GE Aerospace, a global supplier of jet engines, components and systems for commercial and military aircraft, said Wednesday, December 7, that it is developing a new facility dedicated to the development of inspection and repair technologies, which will be used in aviation service workshops around the world.
GE plans to invest $14 million and, as a result, generate about 50 salaried jobs over the next two years at its Services Technology Acceleration Center (STAC – Services Technology Acceleration Center), located in Springdale, in the suburb of Cincinnati, Ohio, in the United States.
According to the Cincinnati Business Courier, the 85,000-square-foot (7,896-square-meter) site where STAC will be located was home to the former grand headquarters of cosmetics company Avon.
The STAC facility will be dedicated to the development of engine service technologies and work processes, enabling collaboration between engineering and manufacturing. Teams will work together to demonstrate a technology’s deployment readiness before scaling it for use in service shops, speeding new ideas to market.
“This investment is a testament to GE’s continued commitment to enhancing our portfolio of leading services technology,” said Russell Stokes, President and CEO, Commercial Engines and Services, GE Aerospace.
“We are creating a new space dedicated to the development of automation and robotics technologies that we can distribute in our maintenance, repair and overhaul shops at different scale and speed”, added Stokes.
The 85,000-square-foot facility will also be used as a training center for many of these next-generation service technologies, as well as a customer education center for GE Aerospace.
“We are innovating new ways to create service solutions for customers. This facility is intended to put us in an even better position to accelerate the technologies we are developing and industrializing to serve our customers at the lowest cost and highest speed possible,” said Nicole Tibbetts, Chief Manufacturing Engineer for MRO at GE Aerospace.
Over the past five years, GE has developed and matured a number of technologies in its service shops, including:
– GE 360 Foam Wash: A cart injects GE’s proprietary foam detergent into commercial jet engines to remove dust and dirt particles ingested during service. The foam targets specific areas within the engine, helping to restore performance and improve fuel efficiency. Cleaning GE90 engined Boeing 777 aircraft engines with the 360 Foam Wash, instead of a traditional water wash, has the potential to save 35,500 gallons of fuel per year and reduce related CO2 emissions.

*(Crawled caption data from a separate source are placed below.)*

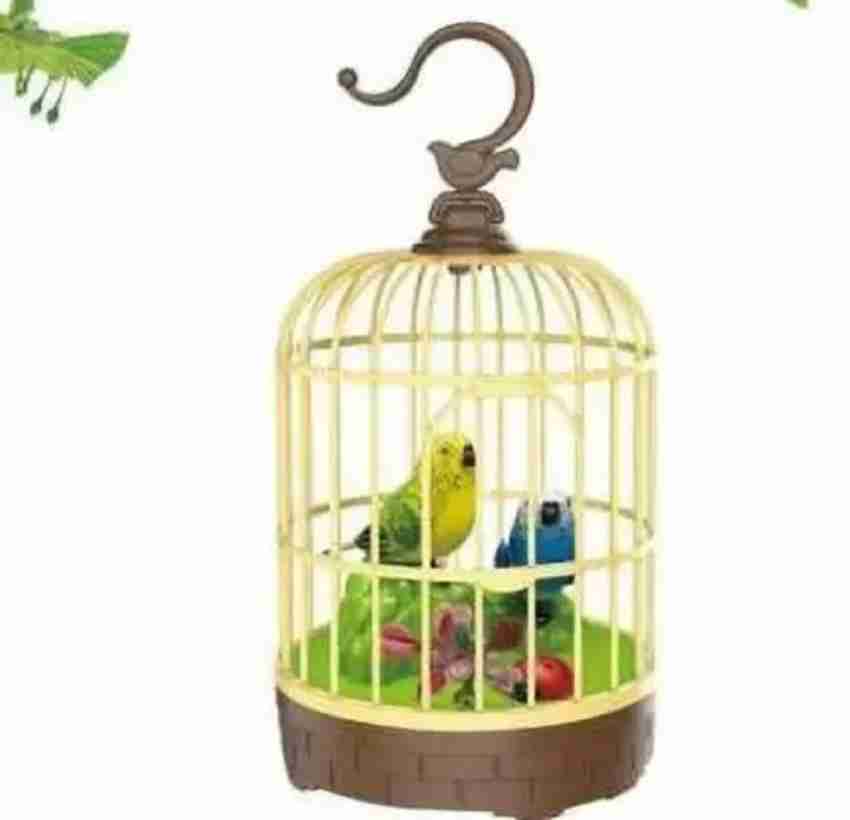 Electronic clearance bird toy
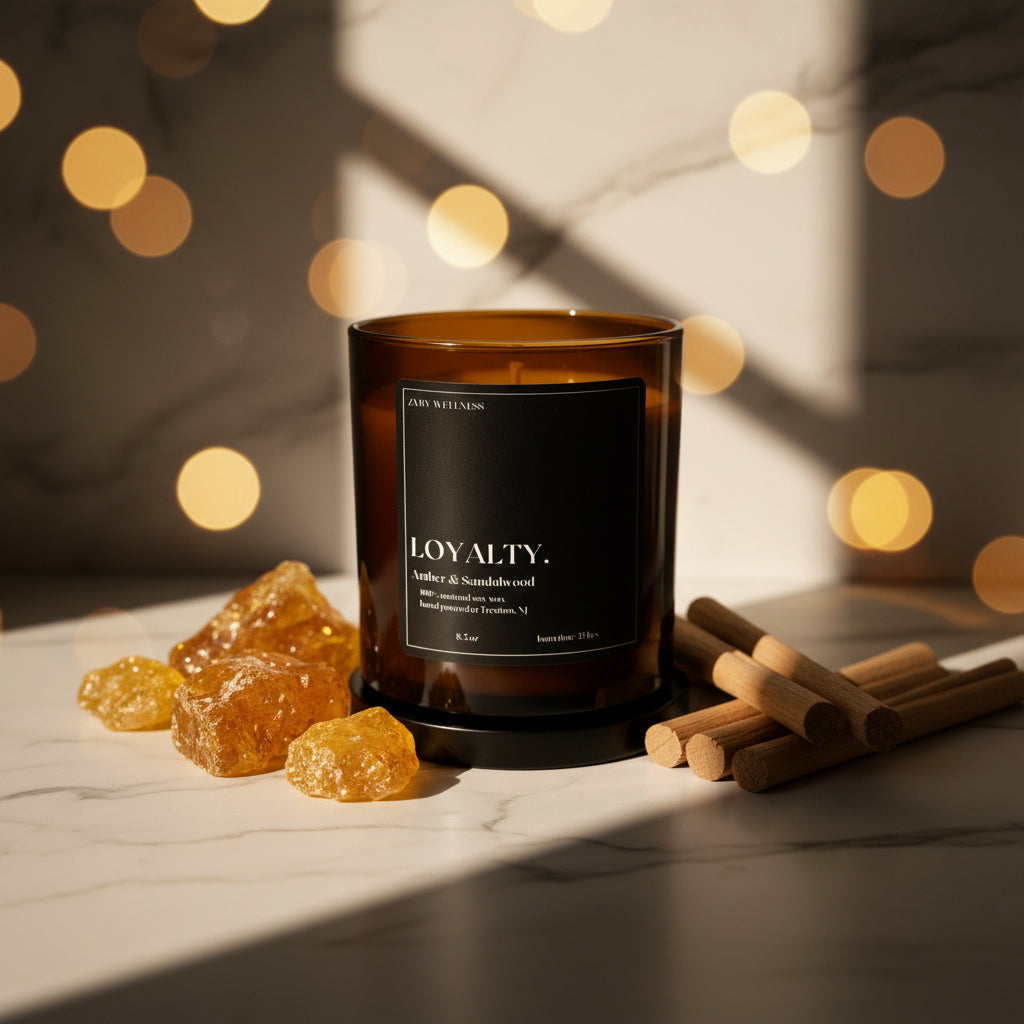 Loyalty- Amber, Sandalwood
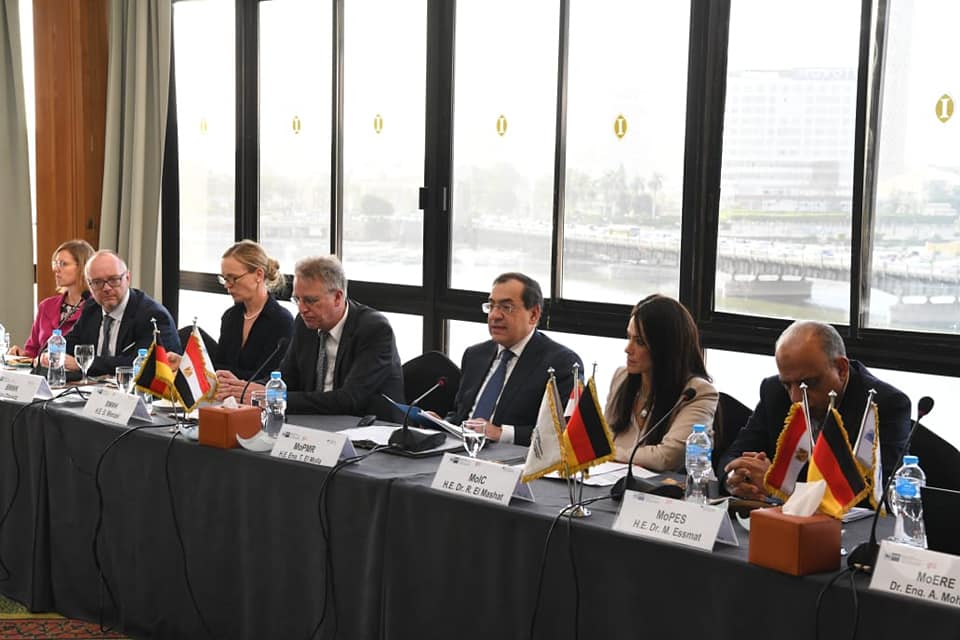Egypt, Germany Hold First Meeting of Higher Committee for Energy Cooperation
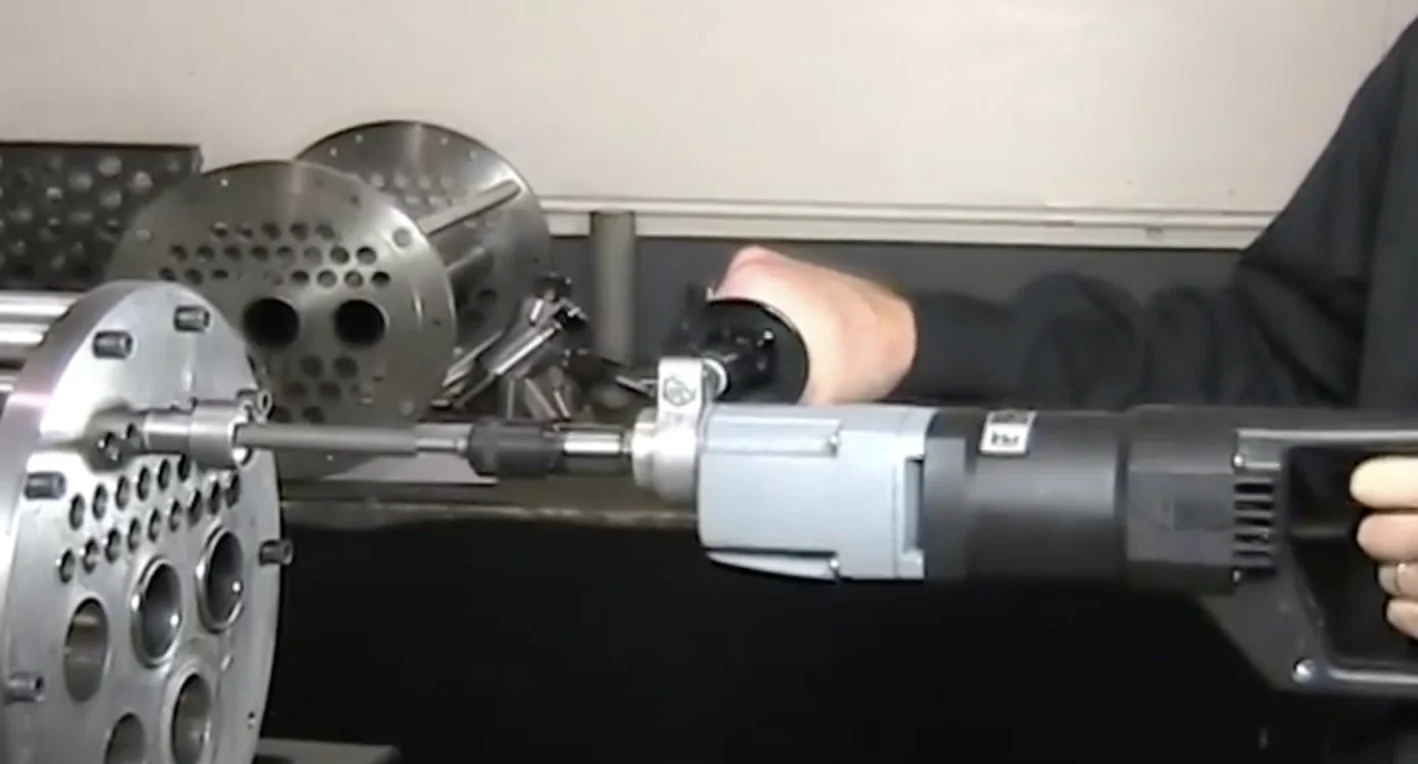 Heat Exchanger Tube Expansion Machine Tube Expander Tool Buy Heat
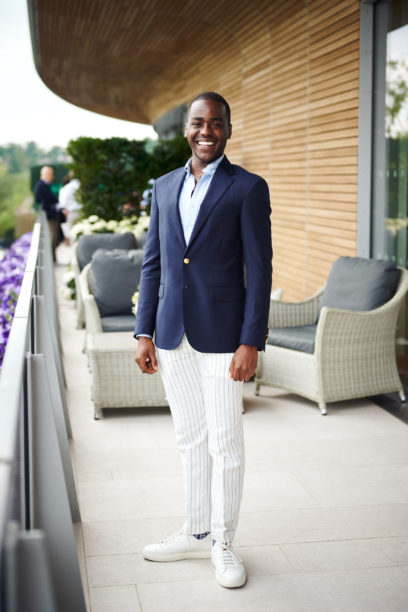 “The Polo Ralph Lauren Suite, The Championships, Wimbledon, London, UK - 10th July 2019”’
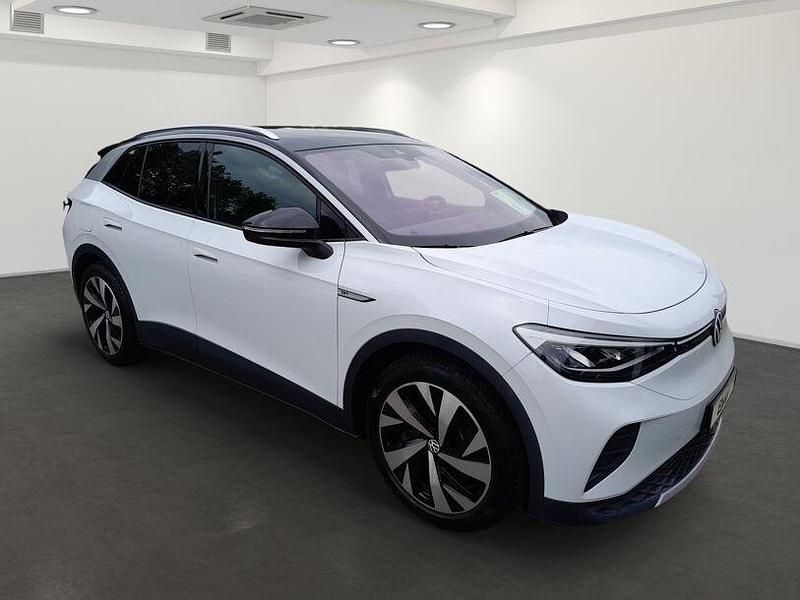 Gebraucht VW ID.4 Edition 150 kW (204 PS) 2021 Gletscherweiß schwarz (metallic) SUV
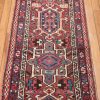 2′ x 11′ Red Vintage Persian Karajeh Runner – Hand Knotted - 2 2′ x 11′ Red Vintage Persian Karajeh Runner – Hand Knotted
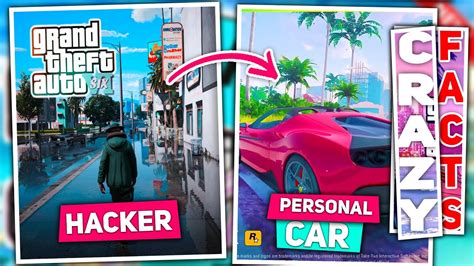 😱mind Blowing Things Found In Gta 6 Leaked Gameplay Top 12 Facts About Gta 6 Youtube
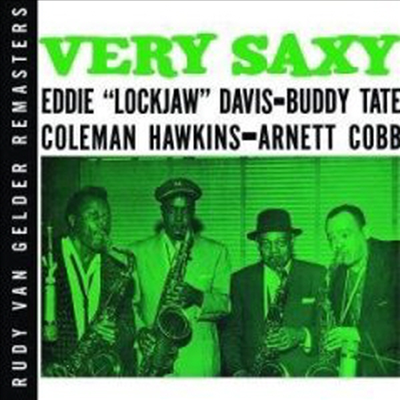 Eddie &#39;Lockjaw&#39; Davis (With Buddy Tate, Coleman Hawkins, Arnett Cobb) - Very Saxy (RVG Remastered)(CD)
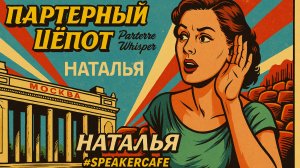 Наталья - Тема: Партерный шёпот #Спикеркафе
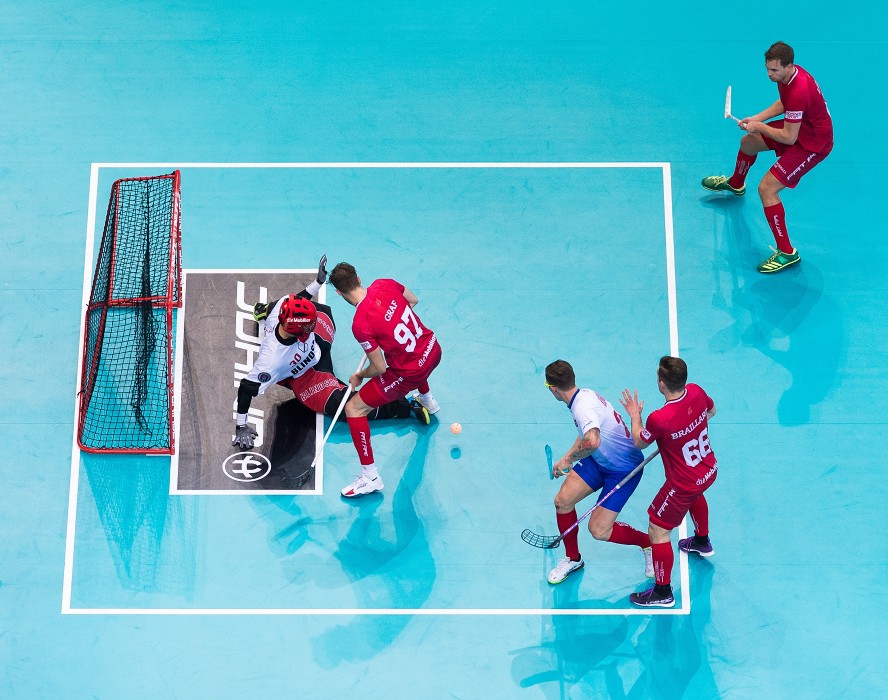 WFC 2018 - Switzerland v Norway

– AI White Light Inspection: Around 90% of Fluorescent Penetrant Fluorescent inspections of rotor blades of CFM56 engines at the GE repair site in Singapore are now done by an AI (Artificial Intelligence) powered robotic system. This system collects data from thousands of blades of turbine sections to formulate and meet a technical standard that removes subjectivity from inspection.
– Blade Inspection Tool (BIT): OC Robotics’ BIT technology can be run while the engine is installed on the wing. It gives customers a clearer, more consistent view of aircraft engine inspections, using cutting-edge AI technology to extract internal images and present them in an easy-to-understand format.